Abstract
Pharmacological interventions are commonly considered in acute respiratory distress syndrome (ARDS) patients. Inhaled nitric oxide (iNO) and neuromuscular blockers (NMBs) are used in patients with severe hypoxemia. No outcome benefit has been observed with the systematic use of iNO. However, a sometimes important improvement in oxygenation can occur shortly after starting administration. Therefore, its ease of use and its good tolerance justify iNO optionally combined with almitirne as a rescue therapy on a trial basis. Recent data from the literature support the use of a 48-h infusion of NMBs in patients with a PaO2 to FiO2 ratio <120 mmHg. No strong evidence exists on the increase of ICU-acquired paresis after a short course of NMBs.
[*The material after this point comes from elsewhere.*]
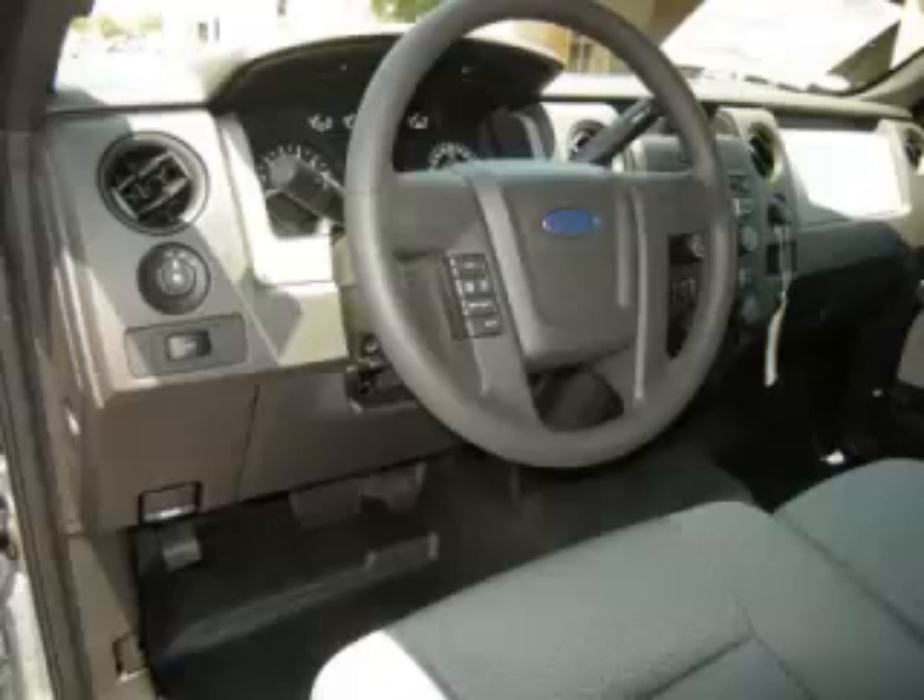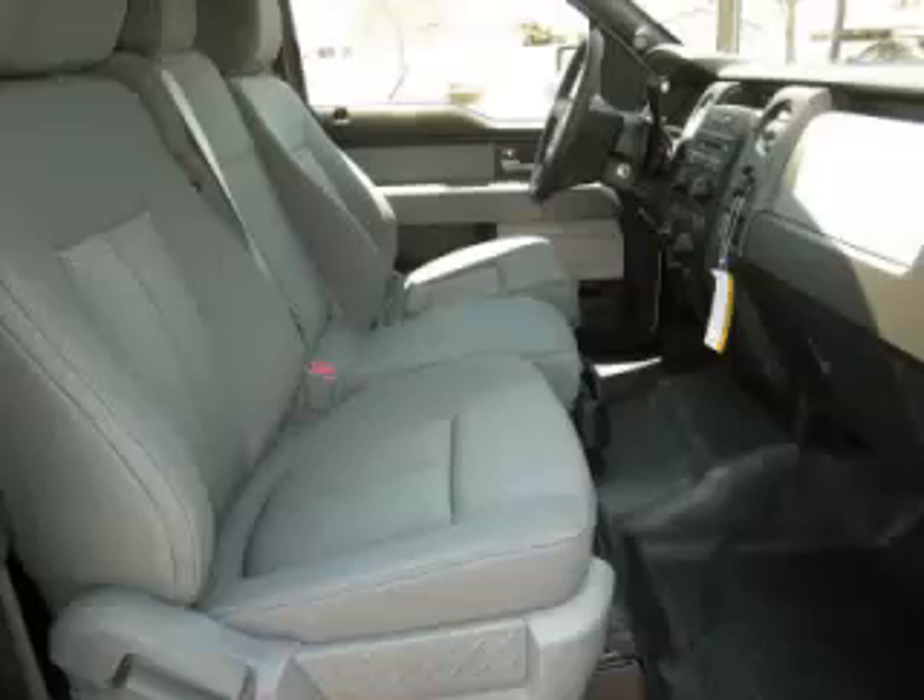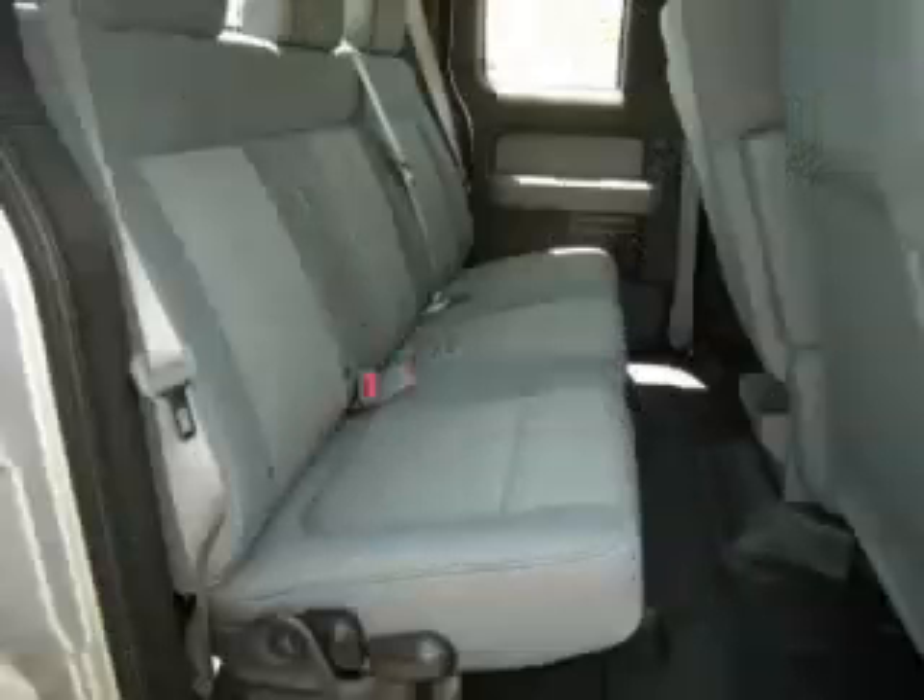Are you ready to experience this vehicle for yourself? Then call today to schedule your test drive, and remember to ask about our low internet financing.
Fluid management with the goal to obtain zero fluid balance in ARDS patients without shock or renal failure significantly increases the number of days without mechanical ventilation. On the other hand, patients with hemodynamic failure must receive early and adapted fluid resuscitation. Liberal and conservative fluid strategies therefore are complementary and should ideally follow each other in time in the same patient whose hemodynamic state progressively stabilizes. At present, albumin treatment does not appear to be justified for limitation of pulmonary edema and respiratory morbidity. Aerosolized β2-agonists do not improve outcome in patients with ARDS and one study strongly suggests that intravenous salbutamol may worsen outcome in those patients. The early use of high doses of corticosteroids for the prevention of ARDS in septic shock patients or in patients with confirmed ARDS significantly reduced the duration of mechanical ventilation but had no effect or even increased mortality. In patients with persistent ARDS after 7 to 28 days, a randomized trial showed no reduction in mortality with moderate doses of corticosteroids but an increased PaO2 to FiO2 ratio and thoracopulmonary compliance were found, as well as shorter durations of mechanical ventilation and of ICU stay. Conflicting data exist on the interest of low doses of corticosteroids (200 mg/day of hydrocortisone) in ARDS patients. In the context of a persistent ARDS with histological proof of fibroproliferation, a corticosteroid treatment with a progressive decrease of doses can be proposed.
Highlights
Dysregulated inflammation, accumulation and activity of leukocytes and platelets, uncontrolled activation of coagulation and altered permeability of alveolar endothelial and epithelial barriers leading to pulmonary edema are key points in the pathophysiology of acute lung injury and acute respiratory distress syndrome (ARDS) [1]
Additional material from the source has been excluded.